Caminaron en silencio hasta llegar al monte. Allí se sentía aullar a los lobos, cantar a los búhos, a las lechuzas, al chotacabras, el ensordecedor ruido que hacían los grillos y las cigarras, que callaban al sentir pasos y luego seguían con el alboroto. Aquello acojonaba una cosa mala, pero Eugenio, envalentonado con el alcohol, no les prestaba atención. Cogió a Adela por la cintura, y le dijo:

-Voy a saber si eres un sueño.

La besó con dulzura, sin lengua, siguió y la besó con lengua. Era el primer beso de Adela. Las piernas le temblaron, dejó caer la escopeta y rodeó el cuello de Eugenio con sus brazos. Por primeras vez el coño y el culo se le estaban abriendo y cerrando al mismo tiempo. En ese momento dejó de oír a los grillos, a las cigarras, a los búhos, a las lechuzas, al chotacabras. El mundo se detuvo por un instante, un instante mágico. Después, le dijo:

-Te quiero, Eugenio.

A Eugenio le pasara media borrachera. Le respondió:

-Y yo a ti te adoro, cariño.

Unos diez minutos más tarde llegaban a una cabaña de troncos de pino donde se refugiaban los cazadores de las tormentas y donde se refugiara Adela más de una vez y que estaba a oscuras. Adela quitó de entre las tetas una caja de cerillas y encendió con una de ellas la vela blanca que había en una tabla que sobresalía entre dos troncos de la pared, luego se sentó en el catre, apoyó la escopeta en la pared, y le dijo:

-¿Y ahora qué? ¡Si se enteran que nos queremos nos matan!

Eugenio cerró la puerta de la cabaña, se sentó a su lado, y le dijo:

-Vente conmigo para Suiza. Allí hay trabajo para los dos.

-Si no hay más remedio iré, pero voy a echar mucho de menos mi tierra.

-Hay otro modo.

-¿Cuál?

-Hacerles frente.

-¡Estás loco!

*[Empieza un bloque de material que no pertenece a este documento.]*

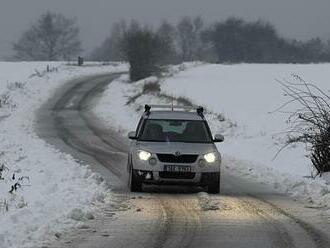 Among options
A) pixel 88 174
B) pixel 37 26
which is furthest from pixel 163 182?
pixel 37 26

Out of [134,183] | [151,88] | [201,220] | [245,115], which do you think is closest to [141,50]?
[151,88]

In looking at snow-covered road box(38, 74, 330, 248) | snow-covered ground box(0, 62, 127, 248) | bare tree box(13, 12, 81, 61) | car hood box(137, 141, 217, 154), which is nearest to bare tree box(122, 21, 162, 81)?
snow-covered ground box(0, 62, 127, 248)

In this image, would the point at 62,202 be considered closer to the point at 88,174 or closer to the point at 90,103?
the point at 88,174

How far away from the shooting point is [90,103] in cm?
4312

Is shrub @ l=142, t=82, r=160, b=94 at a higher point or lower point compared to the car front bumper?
higher

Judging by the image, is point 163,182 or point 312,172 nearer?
point 163,182

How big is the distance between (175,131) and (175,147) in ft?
3.33

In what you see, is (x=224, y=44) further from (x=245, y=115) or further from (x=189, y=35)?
(x=245, y=115)

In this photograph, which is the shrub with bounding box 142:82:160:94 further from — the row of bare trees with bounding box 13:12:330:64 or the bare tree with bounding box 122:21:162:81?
the row of bare trees with bounding box 13:12:330:64

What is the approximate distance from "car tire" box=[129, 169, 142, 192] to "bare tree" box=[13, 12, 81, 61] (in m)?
133

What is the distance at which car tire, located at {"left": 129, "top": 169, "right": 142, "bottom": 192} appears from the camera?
13913 mm

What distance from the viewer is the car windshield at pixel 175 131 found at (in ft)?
48.1

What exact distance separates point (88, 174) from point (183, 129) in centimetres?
252

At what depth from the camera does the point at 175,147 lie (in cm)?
1388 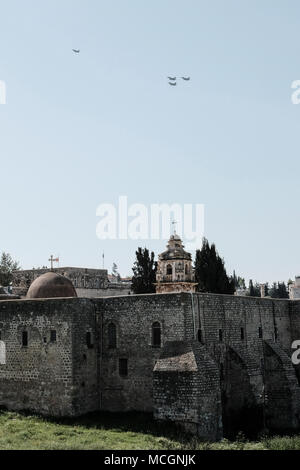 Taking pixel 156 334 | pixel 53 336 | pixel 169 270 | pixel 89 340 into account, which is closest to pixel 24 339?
pixel 53 336

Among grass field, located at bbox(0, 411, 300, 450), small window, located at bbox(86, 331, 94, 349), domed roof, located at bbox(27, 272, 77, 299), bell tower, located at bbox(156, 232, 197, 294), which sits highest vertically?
bell tower, located at bbox(156, 232, 197, 294)

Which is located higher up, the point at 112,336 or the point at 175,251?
the point at 175,251

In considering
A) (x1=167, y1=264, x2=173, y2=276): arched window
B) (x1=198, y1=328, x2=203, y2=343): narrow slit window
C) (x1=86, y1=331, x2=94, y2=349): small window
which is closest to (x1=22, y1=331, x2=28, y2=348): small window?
(x1=86, y1=331, x2=94, y2=349): small window

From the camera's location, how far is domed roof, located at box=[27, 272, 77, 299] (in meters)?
28.7

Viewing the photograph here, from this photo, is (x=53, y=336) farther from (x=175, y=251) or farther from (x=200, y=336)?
(x=175, y=251)

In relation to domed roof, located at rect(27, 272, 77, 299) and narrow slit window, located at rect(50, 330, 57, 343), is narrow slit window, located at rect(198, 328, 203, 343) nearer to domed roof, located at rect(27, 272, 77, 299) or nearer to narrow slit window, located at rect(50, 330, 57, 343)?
narrow slit window, located at rect(50, 330, 57, 343)

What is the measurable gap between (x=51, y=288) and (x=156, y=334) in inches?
247

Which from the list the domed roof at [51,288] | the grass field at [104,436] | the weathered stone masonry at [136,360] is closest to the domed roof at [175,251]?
the weathered stone masonry at [136,360]

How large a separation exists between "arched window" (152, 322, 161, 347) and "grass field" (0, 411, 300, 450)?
3.20m

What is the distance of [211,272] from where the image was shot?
4988 centimetres

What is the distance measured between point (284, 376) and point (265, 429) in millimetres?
3268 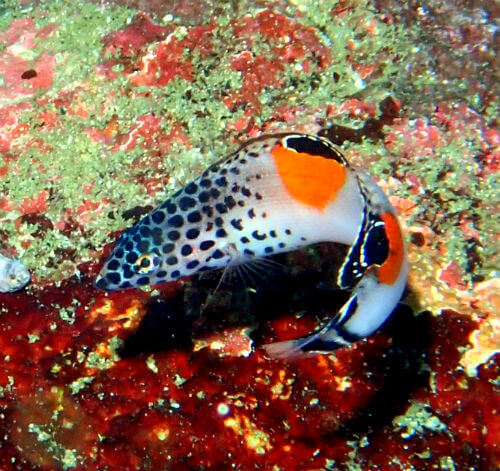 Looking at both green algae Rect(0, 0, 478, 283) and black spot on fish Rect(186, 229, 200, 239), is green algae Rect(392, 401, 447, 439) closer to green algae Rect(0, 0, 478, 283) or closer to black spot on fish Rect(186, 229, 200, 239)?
green algae Rect(0, 0, 478, 283)

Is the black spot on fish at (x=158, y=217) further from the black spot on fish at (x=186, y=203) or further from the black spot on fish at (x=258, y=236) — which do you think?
the black spot on fish at (x=258, y=236)

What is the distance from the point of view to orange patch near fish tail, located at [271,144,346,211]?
2607mm

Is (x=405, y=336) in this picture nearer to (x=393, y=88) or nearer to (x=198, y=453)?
(x=198, y=453)

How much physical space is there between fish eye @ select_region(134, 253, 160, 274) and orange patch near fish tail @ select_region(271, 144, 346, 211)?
79 cm

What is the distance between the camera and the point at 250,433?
11.7ft

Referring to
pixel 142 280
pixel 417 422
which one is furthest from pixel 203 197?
pixel 417 422

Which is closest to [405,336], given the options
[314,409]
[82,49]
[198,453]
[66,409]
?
[314,409]

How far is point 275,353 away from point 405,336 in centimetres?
104

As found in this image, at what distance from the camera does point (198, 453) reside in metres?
3.58

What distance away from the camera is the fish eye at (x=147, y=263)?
2754 millimetres

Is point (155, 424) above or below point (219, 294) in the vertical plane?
below

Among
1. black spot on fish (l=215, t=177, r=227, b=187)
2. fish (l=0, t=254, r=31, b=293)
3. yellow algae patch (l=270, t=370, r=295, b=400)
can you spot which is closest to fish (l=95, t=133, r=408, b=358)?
black spot on fish (l=215, t=177, r=227, b=187)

Mi padre te metería dos tiros y después de muerto te escupiría en la cara.

-Si estuvieras embarazada se lo pensaría dos veces.

-Pero no estoy embarazada -lo miro y se levantó.- ¡Ah, nooo! De eso nada, eso se hace después de casados.

La cogió por la cintura e hizo que se sentara de nuevo. La besó largamente. Adela humedeció las bragas y cambió de opinión:

-Está bien, pero me haces el hijo vestida. Me aparto las bragas para un lado, y… ¡Chas!

Eugenio jamás oyera aquella expresión.

-¿Chas?

-Si, ¡chas! Ya sabes.

Eugenio le dio un beso, le pasó el dorso de una mano por una trenza y le dijo:

-A ver, Adela, el amor no se hace así.

-¡¿No?!

-No, hacer el amor necesita de ternura, de caricias…

-Vale -echó las tetas hacia delante-, méteme mano.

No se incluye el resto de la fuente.